# JEEP Cherokee tires.... duratrac/snow/something else.its getting to be that time ....



## WhitePlowr (Jan 8, 2011)

ok i still have my 99 cherokee classic stock height. right now i have 225/75/r15. i will be needing tires and i might just use what i get strictly for the snow not sure.. from all the sites i have been on this year and listening to people its still pretty much a split with a " snow tire" or some sort of offroad/onroad tire.i will be doing local town and highway driving. the snow tires to me dont have deep grooves at all but people say they perform better on icer conditions?????? idk.
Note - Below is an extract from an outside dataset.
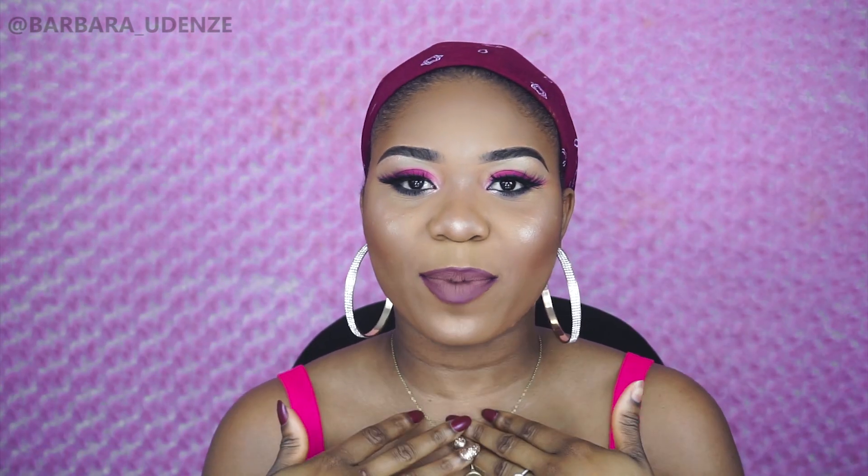Hey guys, welcome back to my channel. My name is Barbara. In this video I'm going to be showing you guys a new affordable wig that I found, because that's basically what I do on my channel — I show you guys wigs that are affordable and also cute. This wig I have today was sent to me by a company called Sam's Beauty. The name of this wig is the Straight Affairs and it's by The Style.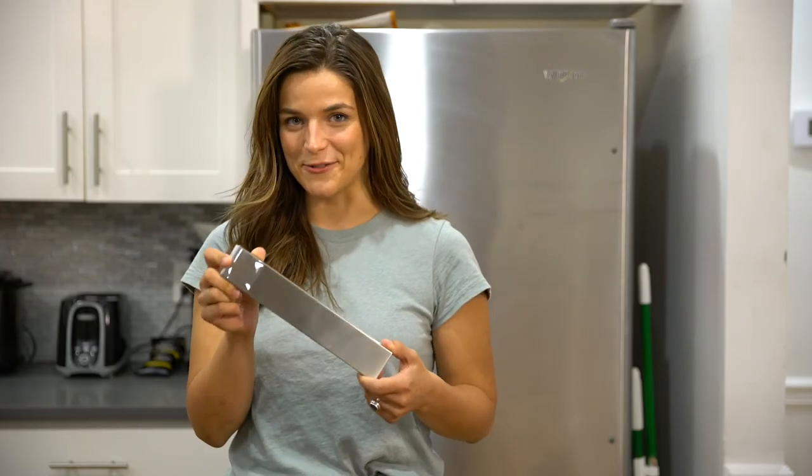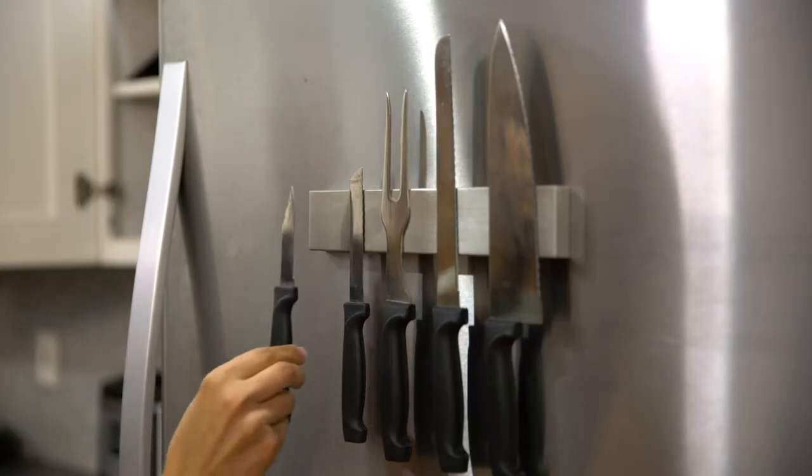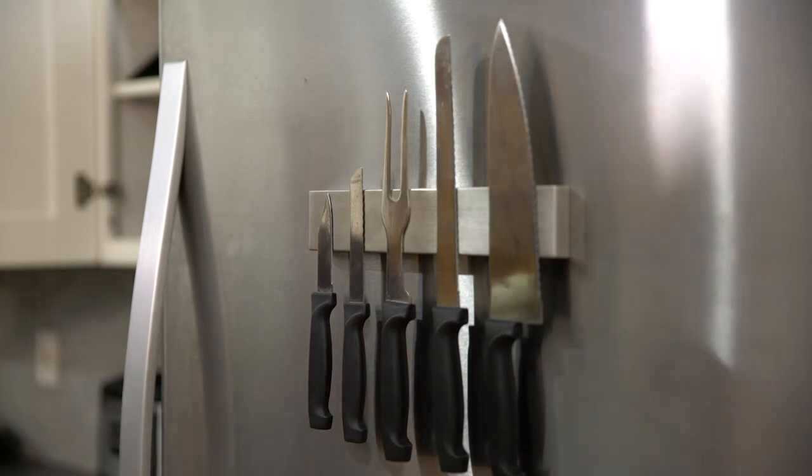The Modern Innovations 10-inch refrigerator knife bar is the ultimate kitchen organizer. This high-grade stainless steel knife bar magnetizes to most fridges without any mounting hardware or tools.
Ive become partial to the goodyear duratracs. so if i go with this one, which is better for plowing the size they have for a 15 " without going for a major lift is the LT235/75/r15 (28.9") load range C 2000lbs so its alittle wider than what i have now . my other option which i think you guys might agree with is if i get these 16" rims with the duratrac i can get is a LT215/85/r16(30.4") load range E 2680lbs. so now these are skinner and taller what you want for plowing right or will the 235 75 r15 be just as fine? highway driving and driving through blizzards remember  if i do go with the 215's the two issues ill have on mind is will have enough clearance and if i do keep these on year round being skinner and all they probably wont handle as well ast the 235 at highway speeds right?. i need suspension stuff to and was thinking about a 1-2" lift so i dont think the height will be a problem. for the 16" they have a few more options 225/75/r16 and the bigger dog 235/85/r16 load range e 3000lbs lol according to tirerack. here are the specs http://www.tirerack.com/tires/tires.jsp?tireMake=Goodyear&tireModel=Wrangler+DuraTrac thoughts, experience, advice......... thank you again ussmileyflag


----------



## affekonig (Aug 5, 2008)

I've never used the Duratracs and have only heard good things, but if a snow-only tire is an option, the truck will be unstopable. I have Firestone Winterforce 235/75/15s on mine and had them on my Wrnagler the winter before and am amazed. My Bronco had BFGoodrich ATs on it last winter and the Cherokee was waaaayyy better in the snow.


----------



## [email protected] (Aug 27, 2011)

I've used Firestone winterforce and they are great. They did wear fast over summer though so use another tire for summer. If you drive year round on them and need a tire that grips like glue and don't mind the road noise look at BFGoodrich commercial traction t/a. I have them and love them. In deep snow there is nothing better in my opinion, on ice they do good. Only thing I've experienced better was Nokian's on ice. They wear like steel and seem great on dry and wet roads. I also offroad my Cherokee and they rock in the mud, sand and rock.

As far as Duratracs I had them on a AWD full size Chevy van. They wore fast and seemed a bit loose on ice. I did not like them on the steering axle as they always seemed to push in the deep snow. It's all in opinions though if they are a tire you like go with them. I run the LT265/75R16 size on my 96 XJ with no lift but air shocks in back.


----------



## WhitePlowr (Jan 8, 2011)

265 duratrac?


----------



## [email protected] (Aug 27, 2011)

No, sorry I should have stated I have the BFGoodrich commercial traction T/A's in the 265 size on the Jeep.


----------